At his best, Jackie Chan is an unparalleled mixture of action and comedy. There’s nothing quite as thrilling as peering up Chan as he blends the speed and fury of Bruce Lee with the physical comedy of Charlie Chaplin while performing stunts so outlandish that would give Buster Keaton second thoughts. The latest Jackie Chan effort, Railroad Tigers, should be the action legend’s version of The General with its comedy and action hijinks set on a train during wartime. However, while the intentions are obviously there, Railroad Tigers doesn’t really share much in common with The General as the action is choppy in its editing accompanied by dodgy CGI and jokes that are so broad that they simply fall flat.
During the Second Sino-Japanese War in 1941, Ma Yuan (Chan) leads a ragtag group of misfits that raids the railroads along the countryside and pilfer the supplies of the Japanese forces. This band of rogues aren’t soldiers but are compelled by a national duty to combat the Japanese led by Ken Yamaguchi (Hiroyuki Ikeuchi). Despite a few run-ins, Yamaguchi has been able to arrest Ma Yuan, always arriving a minute too late. One evening, Ma Yuan and his cohorts are shocked when a wounded soldier Daguo (Darren Wang) stumbles into their presence with the Japanese on his trail. They hide the bleeding man from his pursuers and soon learn of his unaccomplished mission. With his wounds hampering his ability to stealthy carry out the demolition of a bridge occupied by the Japanese, Ma Yuan and his associates take on the dangerous mission.

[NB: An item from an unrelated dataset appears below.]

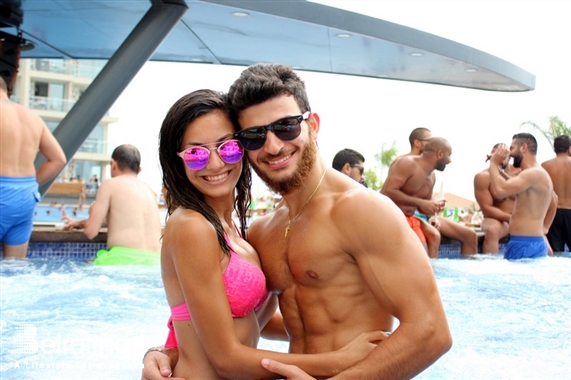 Whitelace Jbeil Beach Party Sunday Pool Party at Whitelace Lebanon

Director Ding Sheng reunites with Chan following the underwhelming to Police Story: Lockdown to equally underwhelming results. While Lockdown completely avoided even the slightest sense of humor and stuck with incomprehensible action, Railroad Tigers is much more a comedy than action epic and yet Sheng hasn’t shown much of a knack for directing either. The humor is extremely broad, sometimes misguidedly so, such as with a trite gag about seppuku. It’s a gag that could work if perhaps it was willing to go all the way with the violent nature of the joke, but it’s entirely toothless. The action within Railroad Tigers that Sheng has progressed some with visual clarity in capturing the shots, though the editing suggests that he hasn’t figured out how to match two of ‘em.

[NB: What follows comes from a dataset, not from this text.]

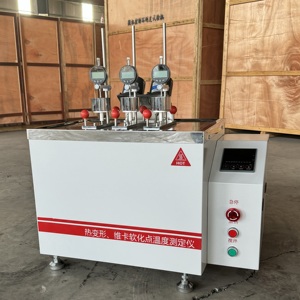 Heat Deflection and Vicat Softening Temperature Tester With <strong>Advanced</strong> Control System/electronic Tensile <strong>Testing</strong> Machine - Product Image 2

Even with the dodgy CGI, Railroad Tigers might’ve been able to be considered passable entertainment had it not contained one of the most overly convoluted, overstuffed scripts imaginable. There are so many characters – and every character no matter how minor gets a flashy comic book-styled title card that further pads the film’s bloated running time – and the set up for what should be a rather straight-forward plot is incredibly hard to follow. Sheng and co-writer He Keke can’t find a flow to the story and characters beats so the whole thing fails its story and characters in equal measure. It’s all so incredibly frustrating to behold because there are numerous ways that all these moving pieces could’ve been wrangled up into an entertaining whole.

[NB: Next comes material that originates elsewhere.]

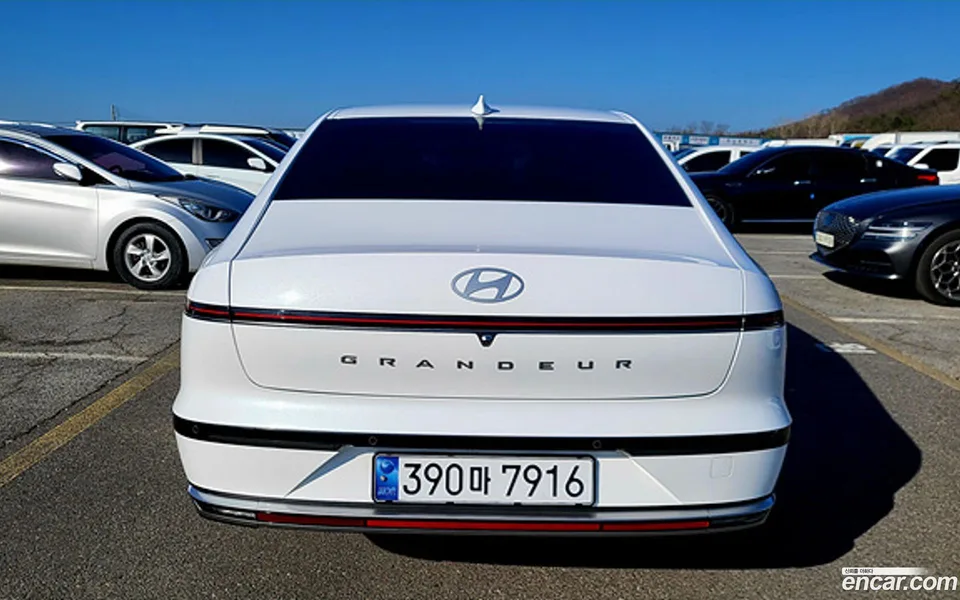 Hyundai Grandeur 3.5 LPG 2WD () 2024 — миниатюра 4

As much as I love Jackie Chan and admire what he’s going for here, it still doesn’t allow me to forgive the slapdash construction of Railroad Tigers. This is a film that shovels a lot of coal and blows a lot more smoke but that doesn’t mean it’s comfy or worthwhile trip. The engine that drives this machine isn’t running smoothly, billowing with noxious smoke because it’s running on a hollow fuel that burns too quickly. Though it’s obvious what’s wrong with the engine of Railroad Tigers, I can’t tell if anyone’s driving the locomotive.